How is grid_max_entropy() different from grid_latin_hypercube()?
Both return a size-by-p tibble for tune_grid(). Latin hypercube guarantees one sample per axis stratum but lets the joint pattern cluster. Max entropy starts from a Latin hypercube oversample and picks a subset whose pairwise distances are maximised. Use max entropy when each fit is expensive; Latin hypercube when fits are cheap.

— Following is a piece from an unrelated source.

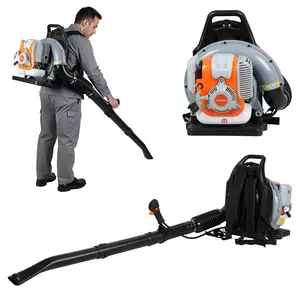 Explorinox 76.5cc 4-Stroke Backpack Gas Leaf Blower, Low Noise Quick Start Gas Powered Snow Leaf Blower, 76.5cc 4-Stroke High-Velocity Leaf Blower for Yard Garden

How many candidates should I draw with grid_max_entropy()?
The optimiser scales roughly with size^2, so design time grows fast above size = 200. For 2 to 3 parameters, 20 to 30 is plenty. For 4 to 6 parameters, 50 to 100. Above that, switch to tune_bayes() because model-based search recycles earlier fits more efficiently than any one-shot grid.
Can I tune qualitative parameters with grid_max_entropy()?
Yes, with caveats. Qualitative parameters such as weight_func() enter the entropy calculation through integer encoding, so the design treats them as ordinal. If the levels are unordered, the spread guarantee weakens. A practical fix is to tune qualitative parameters separately with grid_regular() and use max entropy only for the continuous knobs.
Should I prefer grid_max_entropy() or grid_space_filling()?
Both produce the same sample when grid_space_filling(type = "max_entropy") is used; the umbrella lets one call switch designs by changing an argument. New code comparing designs benefits from the umbrella; code that picked max entropy upfront reads more clearly with the direct call.